Ask HN: How did you improve your conversational skills? - omosubi
I have struggled with conversations my whole life. Even with close friends that I have shared intimate details with I often find that conversations will stalemate rather quickly and that neither of us has anything to say. Do you have ideas on how to improve conversational skills? I often struggle with this in other ways such as with other professionals, dates, random casual encounters, etc. Any advice would be appreciated
======
nickk2006
When I was in high school, I was horrible at communicating with people. Never
went on a date with a girl and bombed all of my interviews. Almost ten years
later, I'm pretty much a different person and I think it has to do with three
things:

1) Check out the book How to Win Friends & Influence People[1]. It argues that
the best way to make connections with people is to be genuinely interested. I
read it the summer after graduating high school and try to reread it every
couple of years.

2) When I was in college, I went to parties with my friends and forced myself
to talk to people. At first, it was extremely awkward, but after a couple
years, everything just clicked. If you're out of college, it'd probably be
bars/clubs instead of college parties.

3) I joined Toastmasters, which is an organization that helps people become
better communicators. They have periodic meetings where you would give a
prepared or impromptu speech and have people provide constructive criticism.
It's a great place and everyone there is extremely supportive.

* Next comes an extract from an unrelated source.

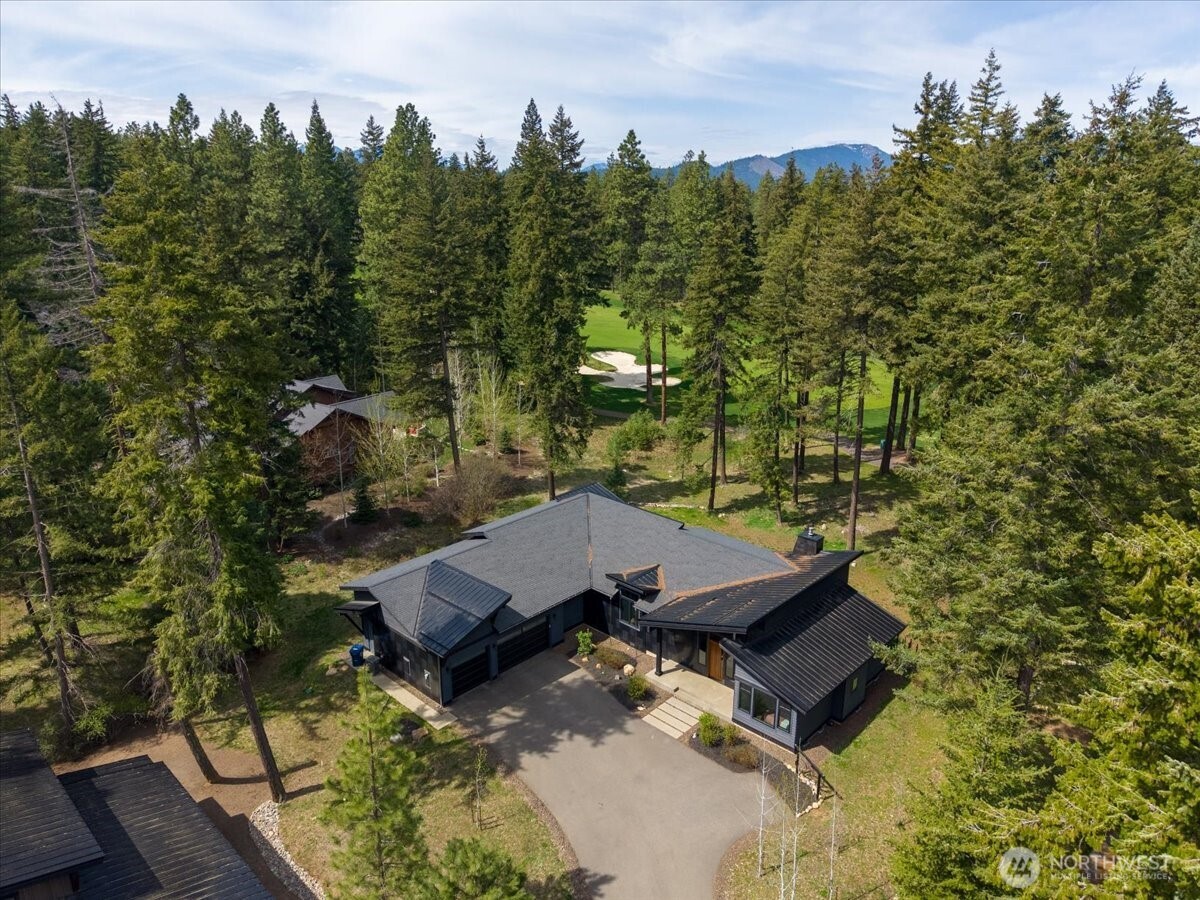 41 Blackberry Court , Cle Elum, WA 98922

I think the best way to improve your conversational skills is really just
going out there and putting yourself in situations outside of your comfort
zone. It'll take a while, but you'll improve a little bit each time.

Good Luck!

[1]
[https://en.wikipedia.org/wiki/How_to_Win_Friends_and_Influen...](https://en.wikipedia.org/wiki/How_to_Win_Friends_and_Influence_People)

------
arandr0x
* Have a goal to the encounter (the goal can be laughter, good feelings, learning whether the conference buffet is any good...)

* end conversations when they've ended. If you're at a networking event it's OK to have 5min conversations with people about what they do, if you don't think you can entertain them further.

* Try to notice when you're repeating yourself. To do that have group conversations with friends and ask them if they thought you insist too much on a particular issue generally. * When people are having fun they talk louder, faster, kind of lean into you. Optimize for that.

* The converse is also true. If you laugh, smile, and generally talk like you're having fun, it makes people feel more comfortable.

* When people are talking about a subject and they're suddenly talking a little faster, nod and ask questions.

* When people are talking about a subject but don't look too engaged (look around, fidget, move between ideas), build on what they say but switch to a subject you may be able to talk about in some detail.

* if it feels too challenging in specific situations, try to convert the situation to a group conversation. Ask dates to board games meetups, go to networking events with another professional, join conversations of existing groups, etc. It's easier to sustain conversations in groups.

------
kyoob
Improv comedy classes helped me a lot. Not even necessarily with spontaneity.
They helped me build confidence. "I don't know what this situation is, and
that feels yucky. But I've felt that kind of yuck a lot of times before so I'm
pretty sure I'll be able to navigate it."

One of my improv instructors gave me this advice about conversations that
always resonated with me: just make the conversation about the other person.
If you get to the end of it, ask a question about them.

"Are you traveling for the holidays?" "See any movies lately?" "Where'd you
get that ring?" "How are your cats doing?"

Anything, as long as it's about them. Keep _them_ talking. A metaphor we
learned was "bull and matador." You're dealing with someone who has their own
full, rich inner life. They're like a bull ready to lunge forward with a new
spike of conversation. Sometimes you just need to wave your cape this way or
that to get them to do the work.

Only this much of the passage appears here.